In his autobiography Ecce Homo (1888) Nietzsche portrays himself as an extremely elevated mind, wise as no other philosopher has ever been. Through Zarathustra, his alter ego, Nietzsche speaks of himself as a prophet and as a diciple of the Greek god Dionysus. Jung says that minds that collapse into the collective unconscious have the propensity to inflate themselves, as if some kind of superhuman enlightenment, or "godlikeness" in Adler's vocabulary, has set them above the rest of his peers, even humanity (Jung, 1975, p. 83-103). But one of the characteristics of the collective unconscious are its irrational contents, the reason of why Nietzsche's philosophy might seem so unphilosophical at times. No wonder why Nietzsche himself denies philosophy as a moralizing quest and denial of the world. He became the conscious rebirth of ancient and pagan symbols repressed by Christianity for centuries, and recently by rationalism.

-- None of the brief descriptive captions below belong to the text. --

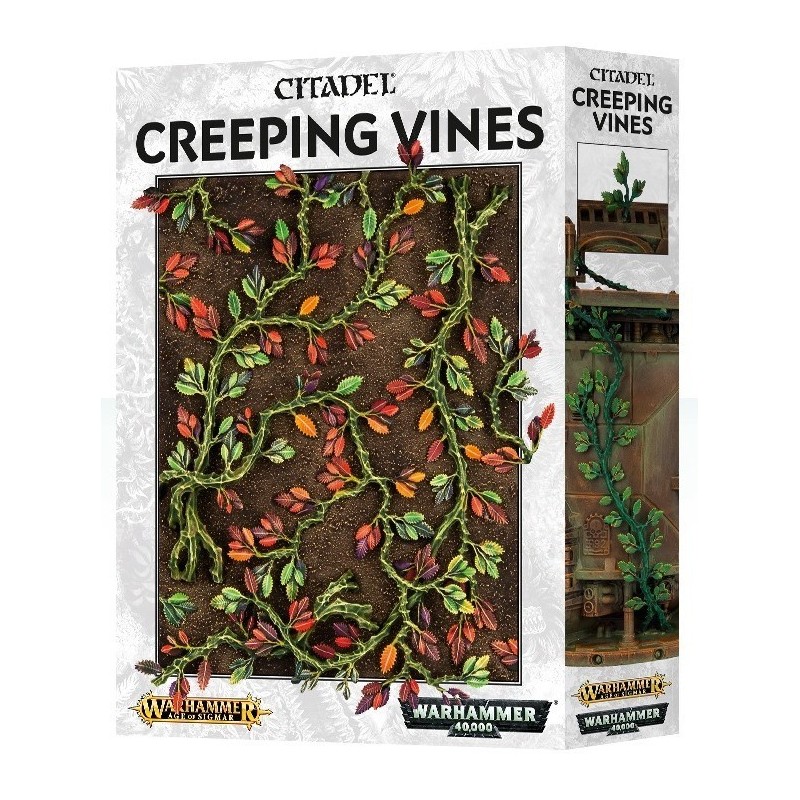 Creeping Vines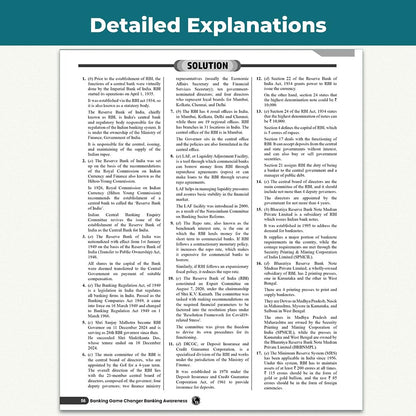 PW Banking Game Changer Banking Awareness Prepnotes & 3000+ PYQs By Shushmita Mam For 2026-27 Exams | Chapterwise Theory with 15 Online CBT Tests | ... & Clerk, SBI PO & Clerk, RRB PO & Clerk Exams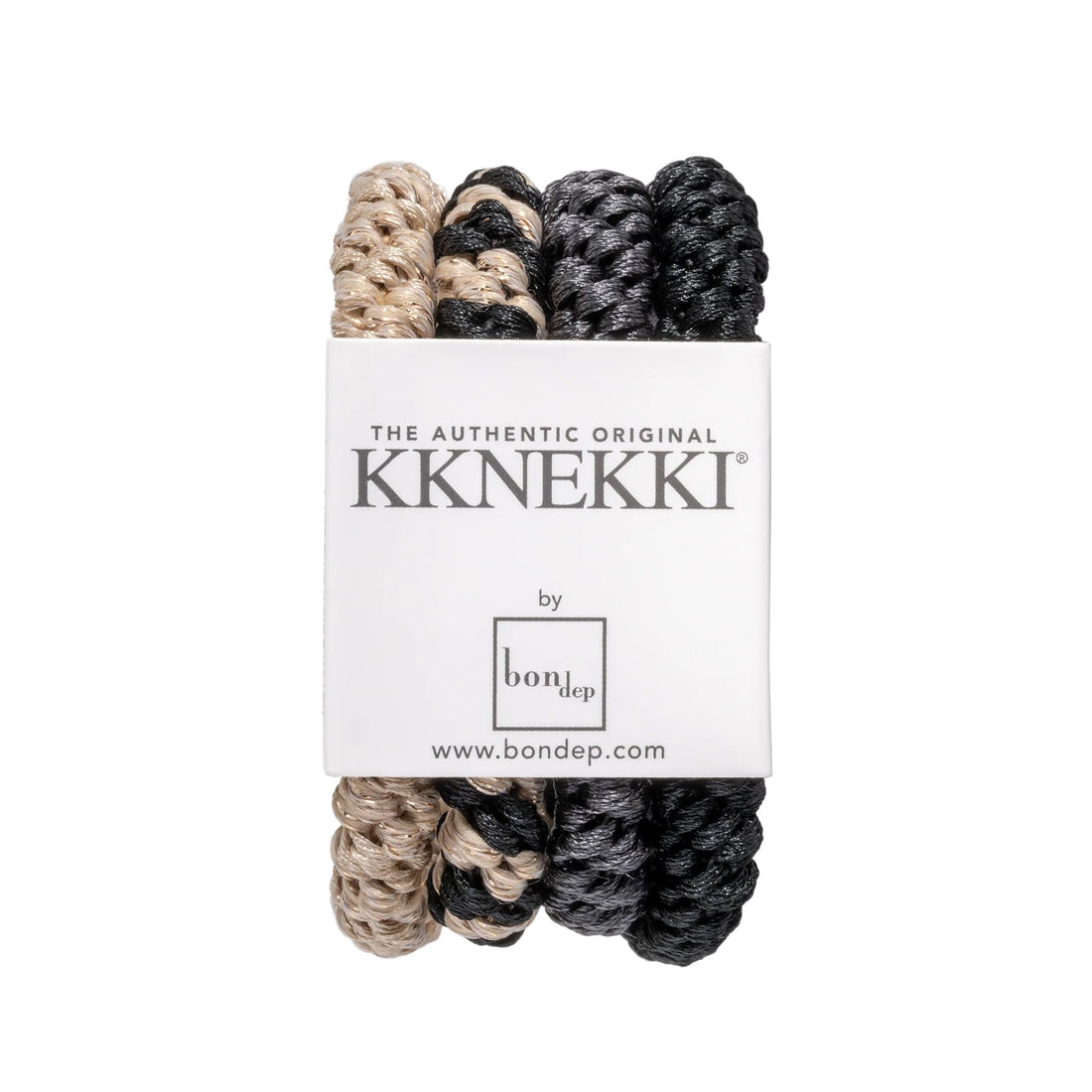 Kkneckki Hair Bundle 4 Pack - Bundle 9 Choc/Beige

Nietzsche is no doubt a very strange philosopher. Instead of a quest for truth and knowledge of the world and the mind, he explored the depths of the human instincts, and discovered in them a strength that put into question all the quests for "high ideals" on one side, and salvation on the other. His discovery of philosophy and religion as ideological elements of repression of the instincts made him reaffirm the human as it is given by nature. In this sense Nietzsche is an early psycologist. He saw in Christianity a war against nature, falsifying life and making it miserable, and in philosophy almost as mere fiction. (It is very important that, if we acknowledge that Nietzsche has a theory of ideology, it is far from the Marxist notion. For Nietzsche ideology is the will to power of base and weak minds, not of dominant social classes, consisting in a will to repress aspects of the human instincts that are falsely believed to be evil; hence, keeping under control strong and vigorous individuals with irrational and aristocratic tendencies. Marxism is included within these ideologies, and with good reason).

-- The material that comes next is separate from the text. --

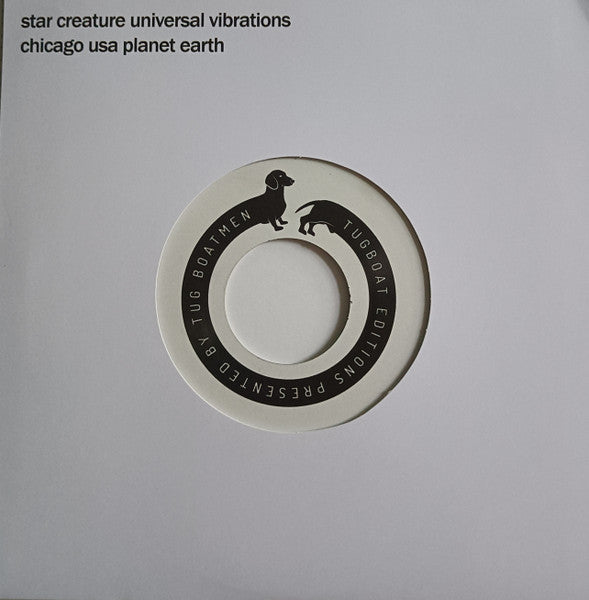 Make Me Move / Here's To You *7"* | Mint (M) Mint (M)-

But what remains remarkable is that his discovery of human instincts was of such a depth that Jung's notion of inflation is clearly seen in his writings. His method of speaking through parables and metaphors is more akin to prophets than philosophers, and he even saw himself in that way. The fact that Nietzsche decided to title his autobiography as "ecce homo", the words Pontius Pilate supposedly said to the Jewish crown when presenting Jesus in John 19:5, is the first and direct signal that he is styling himself after Christ (more precisely as the Antichrist).

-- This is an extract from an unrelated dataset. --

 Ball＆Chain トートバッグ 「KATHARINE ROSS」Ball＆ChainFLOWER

But don't get me wrong. The obvious deliriums of his late writings are no reason to discard him as a mere psychotic of no consequence. The difference between him and vulgar madmen are his ginius and his capacity to write. In this sense by styding himself in this state of collapse into the collective unconscious he is saying things about all of us, especially Westerns. This is the reason why he is still considered one of the most important and enlightened philosophers of our era. Definitively not because if his analytical capacities, but because of his acuteness in unmasking our instincts. The symbolic contents of his writings are another reason to believe Jung's system of human psyche; that deep within our unconscious there are collective symbols or archetypes that regulate basic psychical functions. Instead of believing with Freud in a purely biologically determined psyche, the favorite generalization of some neuro scientists, Jung's system explains these shared psychic functions not on cells, neurons or libido, but on contents of purely psychic nature.
Nietzsche, by collapsing on the collective unconscious with the respective psychotic consequences, demonstrates why in the search for our selves we need to pay heed to those symbolic images in religion that he wished to destroy so much.